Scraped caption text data
....................

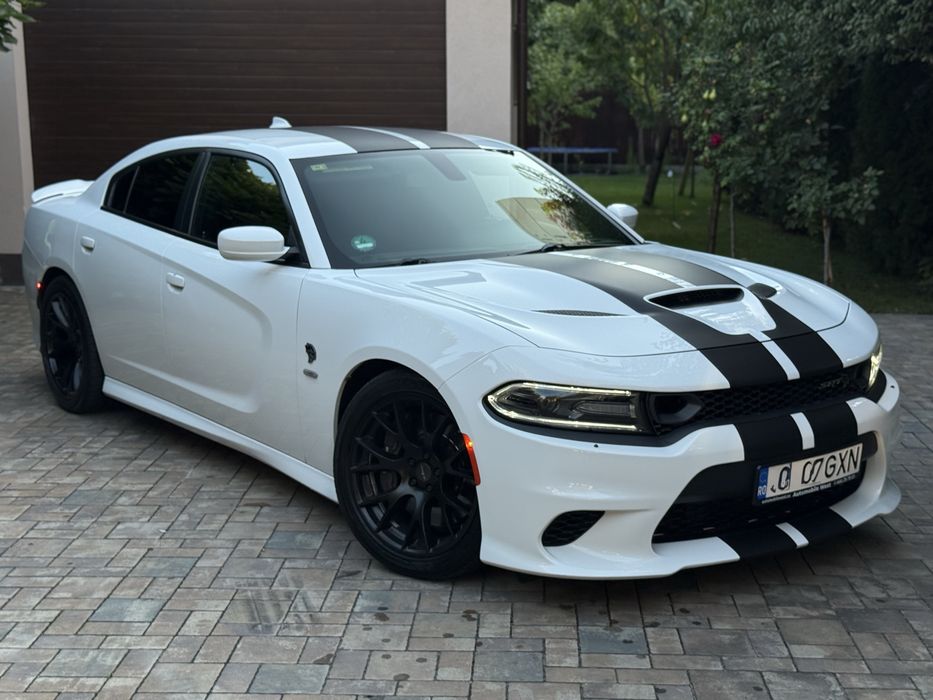 Dodge Charger SRT Hellcat HEMI 717CP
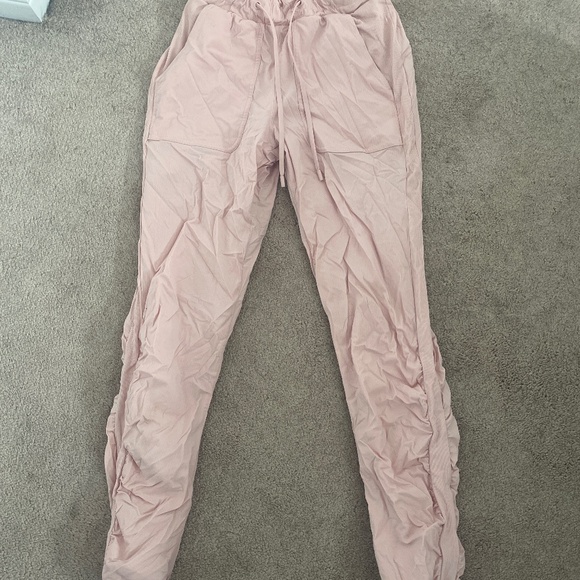 Pink lululemon joggers - Picture 1 of 1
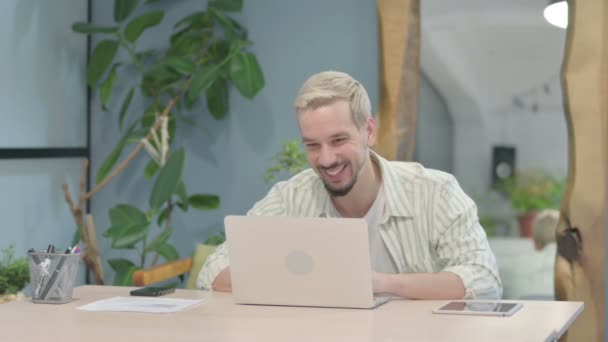 Moderner Junger Mann Macht Video Chat Auf Laptop — Stockvideo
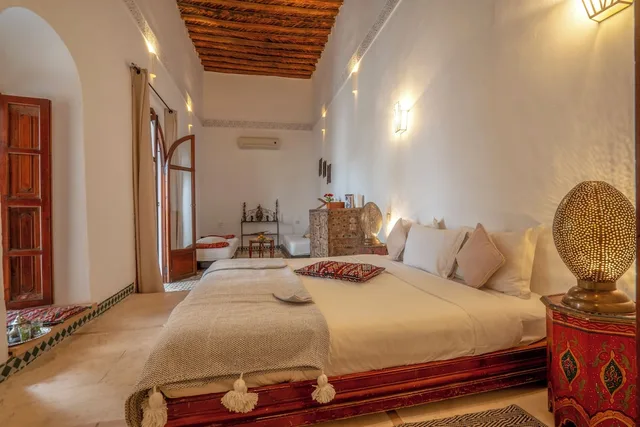 Senior, Suite, Queen and Twin Beds، Riad Nora 1/4
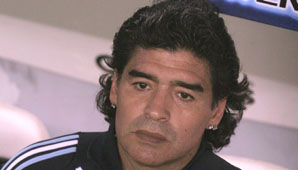 Diego Maradona irá a juicio oral por lesiones a una pareja Diego Maradona irá a juicio oral por lesiones a una pareja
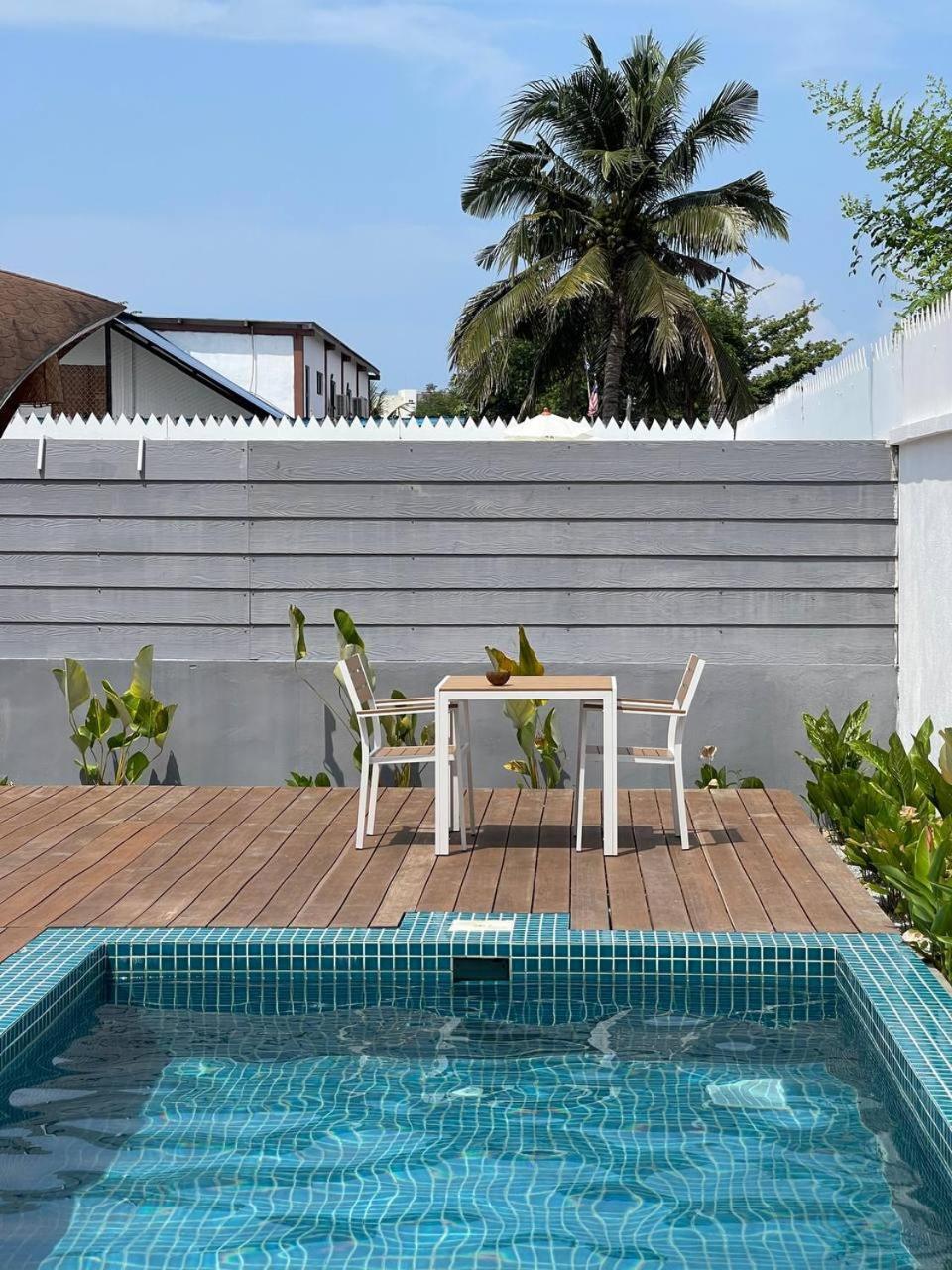Found Mansion Hotel Pantai Cenang  Exterior foto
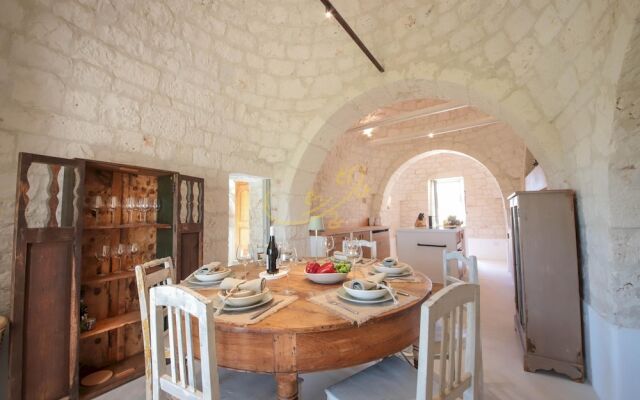 TD I Coni di Pinur Trulli With Scenic Valley View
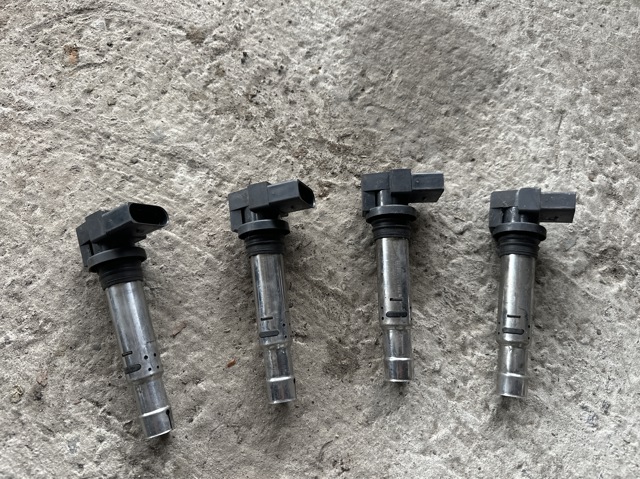 BOSCH 0986221023 Катушка зажигания в наличии Запорожье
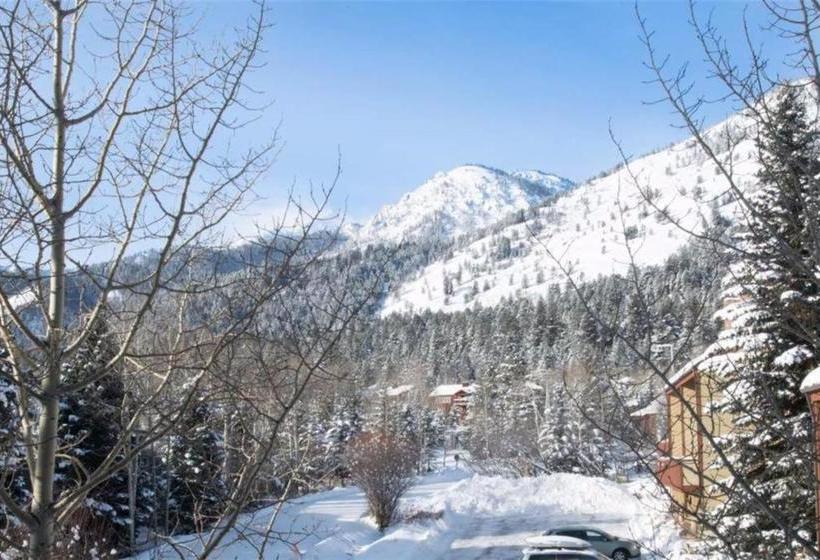 בית מלון כפרי Teewinot Condominiums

....................

## TASK BRIEF
Output a precise copy of the entries, leaving the images out.

## RESPONSE TO THE EXERCISE
 Dodge Charger SRT Hellcat HEMI 717CP
 Pink lululemon joggers - Picture 1 of 1
 Moderner Junger Mann Macht Video Chat Auf Laptop — Stockvideo
 Senior, Suite, Queen and Twin Beds، Riad Nora 1/4
 Diego Maradona irá a juicio oral por lesiones a una pareja Diego Maradona irá a juicio oral por lesiones a una pareja
Found Mansion Hotel Pantai Cenang  Exterior foto
 TD I Coni di Pinur Trulli With Scenic Valley View
 BOSCH 0986221023 Катушка зажигания в наличии Запорожье
 בית מלון כפרי Teewinot Condominiums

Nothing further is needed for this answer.